Problem statement
Using the records below, write out only the lines from the line containing "Nutrisi penting dalam susu kambing etawa Nutrisi" up to and including the line containing "Das Datum hätte", exactly, with no pictures.

Supplied material Block Start

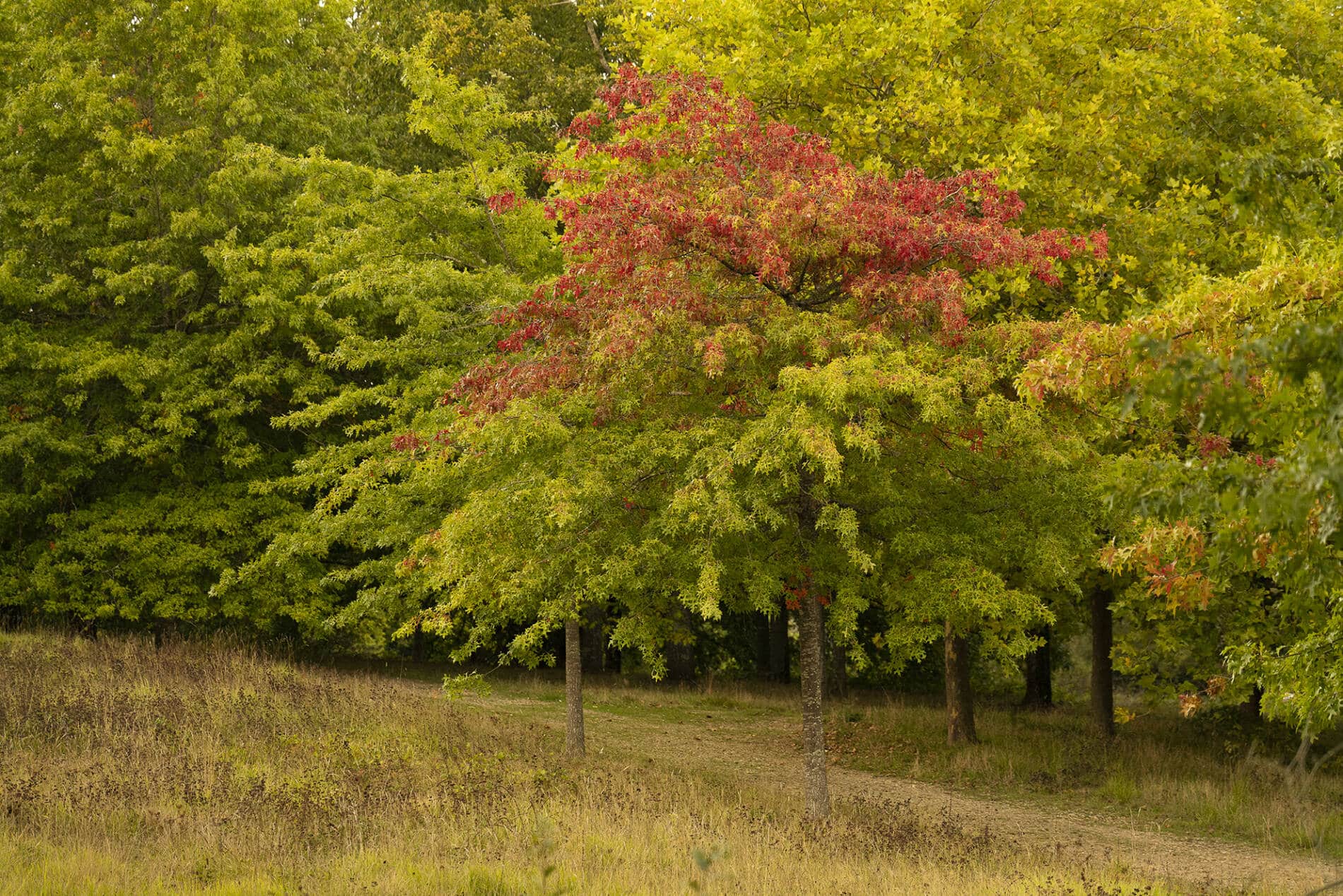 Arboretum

Supplied material Block End
Supplied material Block Start

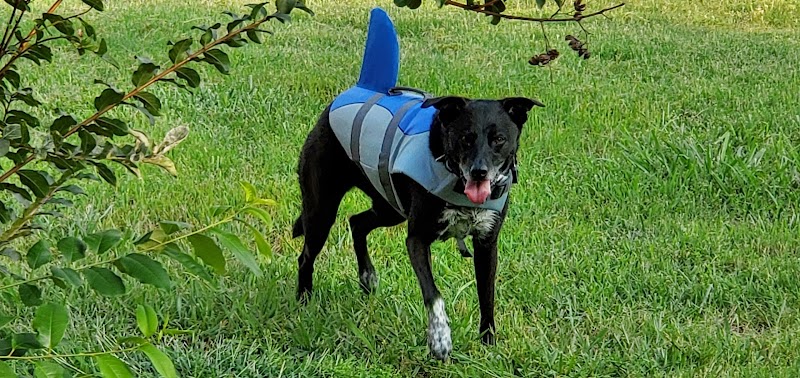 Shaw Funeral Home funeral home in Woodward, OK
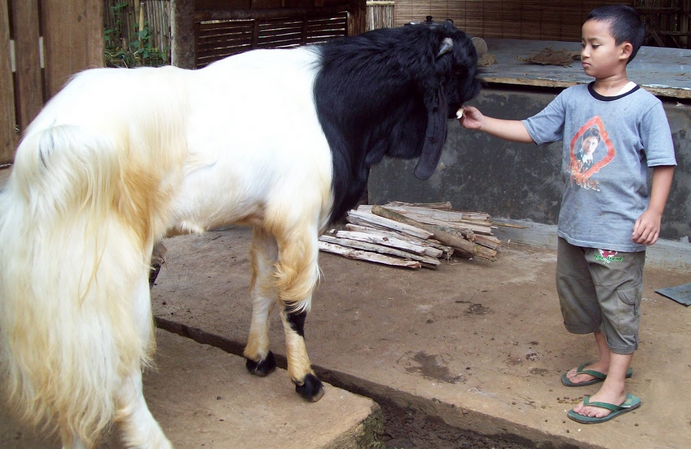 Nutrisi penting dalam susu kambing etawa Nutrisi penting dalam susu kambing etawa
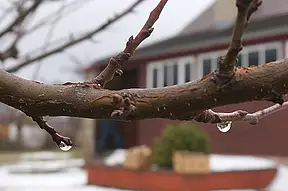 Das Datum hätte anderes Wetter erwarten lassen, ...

Supplied material Block End

Task response
 Nutrisi penting dalam susu kambing etawa Nutrisi penting dalam susu kambing etawa
 Das Datum hätte anderes Wetter erwarten lassen, ...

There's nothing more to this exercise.